Collectively, it requires a level of patience and attention to detail that the original story mode, despite its way of rewarding cleverness, doesn’t demand. Kill the wrong boss and you’ll likely have assassins swarm down on you, who themselves are lurking in plain sight on each boss level. These frantic moments, even as they so often result in failure, capture one of the best parts of the roguelite genre: feeling like the next run is the one where you put it all together.
The mode’s randomized elements are tough but fair. My early goings in the mode barely saw me get past–or even to–the first boss (the third level), and it felt like a learning experience even as I’ve been playing the series for 20 years. Days later, after several hours in-game, I found that patience is everything in this mode, and never have I felt like the game set me up to fail. Instead, it wants to watch me squirm as I re-establish my understanding of the world, but still rewards me handsomely when I prevail. Even failure has its own rewards, as you’ll keep some of your money earned as well as any guns you unlocked via the persistent ranking system.
If you still find yourself roguelite-averse, the mode’s most unexpected feature might be what sways you. The game’s hub takes place in a new safehouse which you can customize with many dozens of cosmetics including furniture, vehicles, and even new inventory items that you can bring into missions with you, such as on-hand wine bottles or bananas for knocking out guards. As Agent 47 makes his house a home, you benefit not just aesthetically but by having larger and more useful loadouts.
With maps that move the throwables around unpredictably, heading into a level with a melee weapon in your pocket is a massive advantage. I didn’t know I wanted to be Agent 47’s interior decorator until IO Interactive offered me the job. It’s rewarding to climb the mode’s Mastery ranks to unlock additional inventory slots and new persistent unlocks like new guns and items for use in missions, but I’m finding it just unexpectedly exciting to unlock a new motorcycle for Agent 47’s garage or a new dining room table for his hideout.

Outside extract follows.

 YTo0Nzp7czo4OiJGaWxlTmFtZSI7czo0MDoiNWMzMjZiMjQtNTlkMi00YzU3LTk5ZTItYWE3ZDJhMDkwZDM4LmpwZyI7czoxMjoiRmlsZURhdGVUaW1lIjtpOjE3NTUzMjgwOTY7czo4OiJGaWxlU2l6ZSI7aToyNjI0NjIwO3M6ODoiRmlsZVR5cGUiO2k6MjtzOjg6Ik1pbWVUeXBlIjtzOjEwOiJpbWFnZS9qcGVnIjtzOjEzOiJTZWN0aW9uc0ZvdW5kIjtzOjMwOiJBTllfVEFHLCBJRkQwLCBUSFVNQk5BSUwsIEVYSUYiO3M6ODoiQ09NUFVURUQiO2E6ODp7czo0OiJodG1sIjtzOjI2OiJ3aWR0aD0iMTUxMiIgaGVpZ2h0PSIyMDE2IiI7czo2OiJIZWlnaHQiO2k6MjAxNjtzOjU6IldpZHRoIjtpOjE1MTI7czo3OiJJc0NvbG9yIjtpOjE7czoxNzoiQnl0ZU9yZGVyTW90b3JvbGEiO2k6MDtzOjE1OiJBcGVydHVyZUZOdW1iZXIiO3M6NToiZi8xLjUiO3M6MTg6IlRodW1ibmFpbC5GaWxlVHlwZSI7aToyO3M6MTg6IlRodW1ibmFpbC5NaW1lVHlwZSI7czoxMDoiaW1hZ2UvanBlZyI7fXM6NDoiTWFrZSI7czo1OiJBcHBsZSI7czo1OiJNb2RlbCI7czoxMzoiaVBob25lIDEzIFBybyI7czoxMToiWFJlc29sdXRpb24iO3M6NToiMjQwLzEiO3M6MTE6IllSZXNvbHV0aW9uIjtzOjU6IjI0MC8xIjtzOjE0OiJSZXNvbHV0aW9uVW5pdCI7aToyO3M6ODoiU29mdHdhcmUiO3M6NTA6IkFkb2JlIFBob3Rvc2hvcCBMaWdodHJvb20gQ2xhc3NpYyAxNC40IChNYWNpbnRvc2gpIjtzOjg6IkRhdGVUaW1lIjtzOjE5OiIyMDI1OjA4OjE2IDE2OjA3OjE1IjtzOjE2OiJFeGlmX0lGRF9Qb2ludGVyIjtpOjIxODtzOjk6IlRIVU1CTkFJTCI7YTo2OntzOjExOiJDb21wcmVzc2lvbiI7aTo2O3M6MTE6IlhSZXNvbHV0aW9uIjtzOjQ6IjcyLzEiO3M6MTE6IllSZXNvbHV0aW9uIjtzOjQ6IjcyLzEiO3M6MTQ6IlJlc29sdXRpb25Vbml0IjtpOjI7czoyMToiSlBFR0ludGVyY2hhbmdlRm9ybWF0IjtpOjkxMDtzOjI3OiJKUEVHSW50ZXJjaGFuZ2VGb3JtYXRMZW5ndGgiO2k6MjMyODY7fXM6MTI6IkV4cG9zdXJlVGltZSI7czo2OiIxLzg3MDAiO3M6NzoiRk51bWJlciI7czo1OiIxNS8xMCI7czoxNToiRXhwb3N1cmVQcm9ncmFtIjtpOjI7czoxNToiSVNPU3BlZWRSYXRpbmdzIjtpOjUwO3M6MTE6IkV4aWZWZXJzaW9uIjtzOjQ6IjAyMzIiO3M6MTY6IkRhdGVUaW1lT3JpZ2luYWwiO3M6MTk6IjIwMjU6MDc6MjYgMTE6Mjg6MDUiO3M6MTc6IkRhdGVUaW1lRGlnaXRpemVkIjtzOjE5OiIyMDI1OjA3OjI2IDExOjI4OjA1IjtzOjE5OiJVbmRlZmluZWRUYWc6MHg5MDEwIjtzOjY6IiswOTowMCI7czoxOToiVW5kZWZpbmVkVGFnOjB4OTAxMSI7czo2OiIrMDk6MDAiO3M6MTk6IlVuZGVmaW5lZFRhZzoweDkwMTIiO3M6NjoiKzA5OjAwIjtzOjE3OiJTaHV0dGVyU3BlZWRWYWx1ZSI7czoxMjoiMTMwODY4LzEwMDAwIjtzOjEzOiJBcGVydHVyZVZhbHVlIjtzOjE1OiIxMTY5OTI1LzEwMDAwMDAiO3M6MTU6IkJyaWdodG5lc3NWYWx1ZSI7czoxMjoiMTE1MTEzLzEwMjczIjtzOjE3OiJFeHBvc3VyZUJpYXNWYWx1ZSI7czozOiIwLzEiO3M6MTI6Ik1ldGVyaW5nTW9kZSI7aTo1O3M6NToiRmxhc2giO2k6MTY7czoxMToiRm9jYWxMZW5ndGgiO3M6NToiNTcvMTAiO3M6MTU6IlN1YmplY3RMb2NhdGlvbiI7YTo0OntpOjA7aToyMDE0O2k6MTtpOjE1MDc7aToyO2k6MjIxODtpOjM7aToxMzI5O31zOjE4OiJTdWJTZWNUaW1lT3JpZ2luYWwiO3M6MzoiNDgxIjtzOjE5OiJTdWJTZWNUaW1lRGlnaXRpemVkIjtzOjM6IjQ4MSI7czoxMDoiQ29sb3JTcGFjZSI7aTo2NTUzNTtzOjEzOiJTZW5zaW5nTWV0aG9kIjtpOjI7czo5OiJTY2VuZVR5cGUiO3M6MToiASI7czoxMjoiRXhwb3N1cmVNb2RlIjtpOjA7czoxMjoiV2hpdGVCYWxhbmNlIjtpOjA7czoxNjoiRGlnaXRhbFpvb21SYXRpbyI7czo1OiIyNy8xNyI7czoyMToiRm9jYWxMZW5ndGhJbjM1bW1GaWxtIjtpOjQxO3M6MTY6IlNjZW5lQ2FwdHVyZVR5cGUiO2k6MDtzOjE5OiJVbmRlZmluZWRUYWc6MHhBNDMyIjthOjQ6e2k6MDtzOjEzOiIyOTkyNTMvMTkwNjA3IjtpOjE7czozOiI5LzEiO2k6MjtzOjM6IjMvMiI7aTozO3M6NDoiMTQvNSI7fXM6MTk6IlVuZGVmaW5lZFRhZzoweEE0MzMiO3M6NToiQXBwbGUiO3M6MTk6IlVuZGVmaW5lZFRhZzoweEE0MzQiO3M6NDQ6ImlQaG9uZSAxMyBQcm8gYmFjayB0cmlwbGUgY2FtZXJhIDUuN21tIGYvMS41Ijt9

While the cosmetic elements are there to serve as long-tailed endgame rewards–I’ve played for many hours and am only level 13 of 100–all the gameplay changes it makes are there to brilliantly reimagine what a Hitman game even is. Sometimes the debate comes up where we wonder if something like DLC or a new season of a live-service game can be enough to merit GOTY consideration years after an initial launch. I’ve long maintained that we should consider such games if we believe the changes are meaningful enough. In this case, I think Hitman Freelancer is not just a legitimate Game of the Year contender; it’s the best thing to happen to Hitman since the series was reborn in 2016.